Segment Open

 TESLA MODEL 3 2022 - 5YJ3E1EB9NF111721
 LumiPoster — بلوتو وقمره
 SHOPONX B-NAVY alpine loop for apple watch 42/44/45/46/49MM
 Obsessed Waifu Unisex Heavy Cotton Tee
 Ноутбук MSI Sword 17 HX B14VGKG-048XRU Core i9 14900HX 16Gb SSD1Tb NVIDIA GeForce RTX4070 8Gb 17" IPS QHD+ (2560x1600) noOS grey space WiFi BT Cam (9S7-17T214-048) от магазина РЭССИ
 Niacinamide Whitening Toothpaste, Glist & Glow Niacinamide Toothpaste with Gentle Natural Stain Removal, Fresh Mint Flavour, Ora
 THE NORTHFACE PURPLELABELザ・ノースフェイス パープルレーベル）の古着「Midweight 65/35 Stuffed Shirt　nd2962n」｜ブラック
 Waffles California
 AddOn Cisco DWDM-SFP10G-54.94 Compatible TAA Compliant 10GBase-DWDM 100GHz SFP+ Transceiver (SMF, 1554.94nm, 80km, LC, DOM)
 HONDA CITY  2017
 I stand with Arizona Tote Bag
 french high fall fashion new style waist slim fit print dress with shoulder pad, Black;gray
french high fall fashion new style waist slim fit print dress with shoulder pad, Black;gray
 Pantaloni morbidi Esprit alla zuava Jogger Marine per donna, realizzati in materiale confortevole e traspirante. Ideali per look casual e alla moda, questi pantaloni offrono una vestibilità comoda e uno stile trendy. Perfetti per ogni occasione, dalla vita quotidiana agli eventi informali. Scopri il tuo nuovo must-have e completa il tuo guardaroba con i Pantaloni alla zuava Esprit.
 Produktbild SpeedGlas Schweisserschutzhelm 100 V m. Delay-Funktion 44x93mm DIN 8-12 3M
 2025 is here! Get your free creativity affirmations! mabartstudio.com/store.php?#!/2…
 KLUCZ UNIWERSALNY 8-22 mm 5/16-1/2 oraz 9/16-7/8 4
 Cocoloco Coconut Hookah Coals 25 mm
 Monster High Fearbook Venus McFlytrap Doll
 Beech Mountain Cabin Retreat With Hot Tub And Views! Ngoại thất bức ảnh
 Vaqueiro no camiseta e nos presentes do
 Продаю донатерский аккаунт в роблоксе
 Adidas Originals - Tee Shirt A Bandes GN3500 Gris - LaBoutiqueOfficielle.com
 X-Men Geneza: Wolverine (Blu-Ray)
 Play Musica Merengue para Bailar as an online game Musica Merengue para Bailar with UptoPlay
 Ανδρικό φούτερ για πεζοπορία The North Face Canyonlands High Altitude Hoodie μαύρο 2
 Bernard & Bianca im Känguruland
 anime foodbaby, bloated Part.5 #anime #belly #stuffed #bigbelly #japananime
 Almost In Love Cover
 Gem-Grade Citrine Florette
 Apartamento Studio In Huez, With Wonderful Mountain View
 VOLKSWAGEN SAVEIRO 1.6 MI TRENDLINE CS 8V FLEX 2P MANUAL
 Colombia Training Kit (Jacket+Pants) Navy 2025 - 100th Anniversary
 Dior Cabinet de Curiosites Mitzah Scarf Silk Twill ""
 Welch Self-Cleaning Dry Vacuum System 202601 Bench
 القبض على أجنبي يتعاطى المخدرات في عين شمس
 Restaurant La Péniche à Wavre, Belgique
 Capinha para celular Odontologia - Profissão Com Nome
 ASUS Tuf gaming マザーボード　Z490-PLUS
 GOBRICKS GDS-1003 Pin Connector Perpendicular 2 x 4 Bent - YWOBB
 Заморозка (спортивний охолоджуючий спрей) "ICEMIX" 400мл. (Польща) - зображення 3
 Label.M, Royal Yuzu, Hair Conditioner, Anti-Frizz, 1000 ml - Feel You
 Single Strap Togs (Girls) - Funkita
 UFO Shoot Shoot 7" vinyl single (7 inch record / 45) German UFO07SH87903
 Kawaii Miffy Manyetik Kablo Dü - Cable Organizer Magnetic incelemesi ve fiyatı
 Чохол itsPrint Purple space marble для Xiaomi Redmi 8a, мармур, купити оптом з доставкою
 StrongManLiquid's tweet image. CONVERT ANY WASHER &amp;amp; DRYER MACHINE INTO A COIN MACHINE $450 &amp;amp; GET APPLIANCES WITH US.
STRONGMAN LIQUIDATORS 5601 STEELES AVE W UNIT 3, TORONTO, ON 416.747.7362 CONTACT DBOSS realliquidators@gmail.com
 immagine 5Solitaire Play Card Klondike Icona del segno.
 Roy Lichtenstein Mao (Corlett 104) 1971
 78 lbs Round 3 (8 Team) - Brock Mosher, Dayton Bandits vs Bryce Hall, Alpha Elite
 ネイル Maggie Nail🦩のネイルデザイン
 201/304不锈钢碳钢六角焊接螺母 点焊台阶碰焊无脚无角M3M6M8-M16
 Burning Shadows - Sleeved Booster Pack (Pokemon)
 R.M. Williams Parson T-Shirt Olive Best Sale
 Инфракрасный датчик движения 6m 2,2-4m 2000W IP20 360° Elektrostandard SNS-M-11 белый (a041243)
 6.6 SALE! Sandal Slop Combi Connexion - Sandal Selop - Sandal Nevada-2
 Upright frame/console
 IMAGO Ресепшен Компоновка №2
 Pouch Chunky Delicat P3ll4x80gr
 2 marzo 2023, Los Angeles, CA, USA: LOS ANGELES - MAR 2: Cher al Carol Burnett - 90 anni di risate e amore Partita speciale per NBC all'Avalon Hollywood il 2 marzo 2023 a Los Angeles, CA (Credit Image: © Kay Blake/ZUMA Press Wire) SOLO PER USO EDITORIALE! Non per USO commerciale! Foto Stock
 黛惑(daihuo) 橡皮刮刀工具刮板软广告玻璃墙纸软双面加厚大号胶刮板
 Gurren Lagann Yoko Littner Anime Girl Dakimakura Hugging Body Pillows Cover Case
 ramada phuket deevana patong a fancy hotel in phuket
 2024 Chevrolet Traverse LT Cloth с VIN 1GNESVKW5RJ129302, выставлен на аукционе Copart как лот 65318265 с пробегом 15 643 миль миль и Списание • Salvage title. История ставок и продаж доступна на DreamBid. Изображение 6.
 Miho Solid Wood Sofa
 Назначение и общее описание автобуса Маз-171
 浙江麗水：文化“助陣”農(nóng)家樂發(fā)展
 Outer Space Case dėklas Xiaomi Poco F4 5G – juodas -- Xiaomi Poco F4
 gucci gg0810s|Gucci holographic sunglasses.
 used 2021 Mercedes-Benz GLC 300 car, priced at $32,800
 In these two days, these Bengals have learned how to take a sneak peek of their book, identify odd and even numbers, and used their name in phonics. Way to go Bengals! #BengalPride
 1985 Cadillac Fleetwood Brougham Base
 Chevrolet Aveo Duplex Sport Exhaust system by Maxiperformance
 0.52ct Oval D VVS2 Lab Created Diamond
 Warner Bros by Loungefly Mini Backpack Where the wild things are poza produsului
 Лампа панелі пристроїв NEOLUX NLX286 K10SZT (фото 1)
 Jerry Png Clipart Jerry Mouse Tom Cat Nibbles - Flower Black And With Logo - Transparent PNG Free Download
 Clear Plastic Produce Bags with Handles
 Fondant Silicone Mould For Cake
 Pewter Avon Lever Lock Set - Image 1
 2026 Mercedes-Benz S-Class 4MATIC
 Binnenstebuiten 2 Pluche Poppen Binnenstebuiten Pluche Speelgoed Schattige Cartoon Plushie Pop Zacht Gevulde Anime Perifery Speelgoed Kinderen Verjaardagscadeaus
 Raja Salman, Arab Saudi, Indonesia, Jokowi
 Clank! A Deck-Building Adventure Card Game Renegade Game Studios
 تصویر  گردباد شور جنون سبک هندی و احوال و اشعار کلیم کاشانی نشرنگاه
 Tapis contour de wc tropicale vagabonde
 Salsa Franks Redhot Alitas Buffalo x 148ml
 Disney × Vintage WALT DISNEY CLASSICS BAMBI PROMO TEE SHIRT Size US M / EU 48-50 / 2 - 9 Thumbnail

Segment Closed

» Exercise description: In the reply, include exactly the lines from the beginning of the entries above through the line holding "Obsessed Waifu Unisex Heavy Cotton Tee", and nothing besides.

» Task output:
 TESLA MODEL 3 2022 - 5YJ3E1EB9NF111721
 LumiPoster — بلوتو وقمره
 SHOPONX B-NAVY alpine loop for apple watch 42/44/45/46/49MM
 Obsessed Waifu Unisex Heavy Cotton Tee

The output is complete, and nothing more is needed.